Moeder en vader zijn de eerste Guru; geestelijke Guru is de tweede en de derde Guru is de je Leraar

June 19, 2011 No Comments

Vroeg of laat komt deze vraag altijd op bij elke volgeling. De Shastra’s verklaren dat als een man een brandend verlangen heeft naar zuiverheid, het God zelf is die hem een geschikte Guru zal sturen.

Maar stel nu eens dat de Guru die we gevonden hebben, een valse leraar blijkt te zijn. Wat moeten we dan doen? Of: hoe kunnen we er zeker van zijn dat onze Guru een onkreukbaar karakter heeft? Hoe kunnen wij weten of onze Guru volkomen zuiver is in al zijn hoedanigheden? En wat moeten wij doen als we er achter komen dat hij nogal wat gebreken vertoont?

Toen we als student in het begin bij hem kwamen was er bij ons geen spoor van twijfel over zijn karakter of zijn goedheid. Want als dat er wel geweest zou zijn, zouden we natuurlijk nooit zijn leerling geworden zijn. Maar wat moeten we nu doen? Kunnen we het maken om  onze huidige Guru te verlaten en naar een ander te gaan? Komt onze loyaliteit dan niet in  het geding?

De enige uitweg uit zo’n situatie is om je niet druk te maken over de eigenschappen van je Guru. Je zocht een Guru, je vond hem en je zocht veiligheid aan zijn voeten. Je mag er dan toch vanuit gaan dat hierin de bemoeienis van Ishwara te zien is?

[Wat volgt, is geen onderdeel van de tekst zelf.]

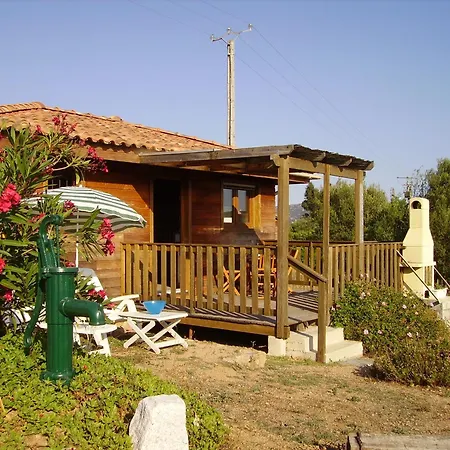 Petite Maison En Bois Exotique *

Volgens de Shastra’s (De Oude Geschriftenw3n) moet men niet alleen vertrouwen hebben in het feit dat God ons onze Guru zendt, maar ook dat onze Guru zelf God is. Alleen wanneer we onze Guru als een sterveling zien, kan de vraag oprijzen of de Guru tekortkomingen heeft of niet. Zo’n vraag ontstaat niet als hij Ishwara is. Als onze huidige Guru God zelf is, is er geen sprake van dat we hem zouden verlaten om een andere te zoeken.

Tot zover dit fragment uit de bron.